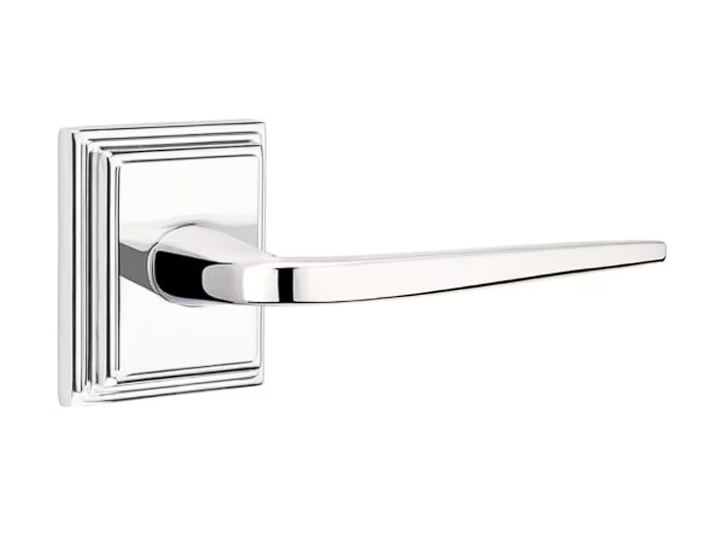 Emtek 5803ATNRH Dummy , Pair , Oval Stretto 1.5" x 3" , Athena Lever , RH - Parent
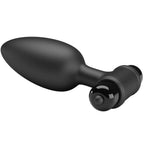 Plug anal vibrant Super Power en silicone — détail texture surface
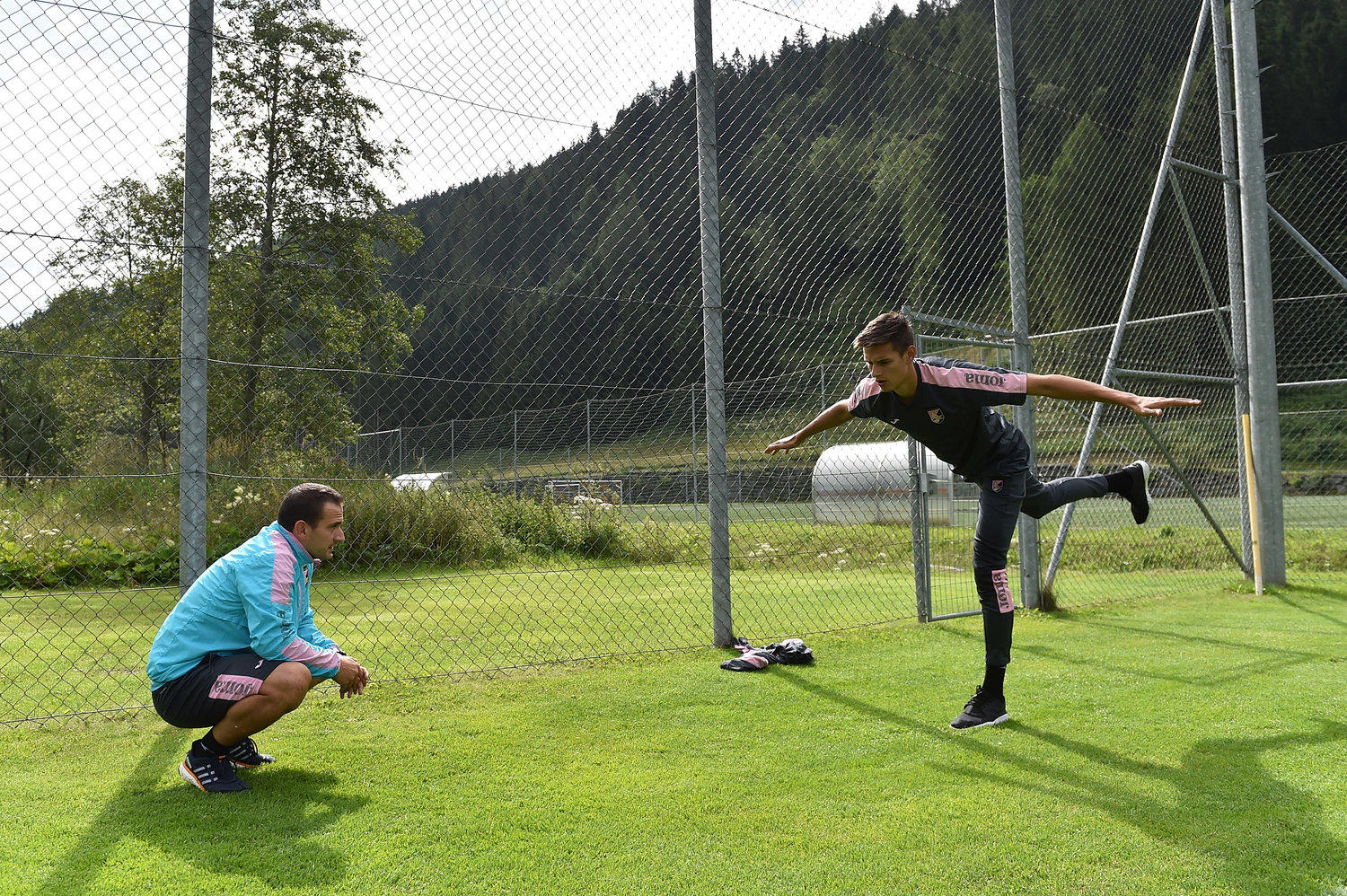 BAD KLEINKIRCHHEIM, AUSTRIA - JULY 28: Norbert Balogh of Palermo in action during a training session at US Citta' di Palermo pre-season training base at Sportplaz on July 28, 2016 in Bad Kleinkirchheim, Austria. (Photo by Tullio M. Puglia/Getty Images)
────────────────────
Problem to work on: Write out every line above exactly as it is, leaving out the pictures.

Problem solution:
 Emtek 5803ATNRH Dummy , Pair , Oval Stretto 1.5" x 3" , Athena Lever , RH - Parent
 Plug anal vibrant Super Power en silicone — détail texture surface
 BAD KLEINKIRCHHEIM, AUSTRIA - JULY 28: Norbert Balogh of Palermo in action during a training session at US Citta' di Palermo pre-season training base at Sportplaz on July 28, 2016 in Bad Kleinkirchheim, Austria. (Photo by Tullio M. Puglia/Getty Images)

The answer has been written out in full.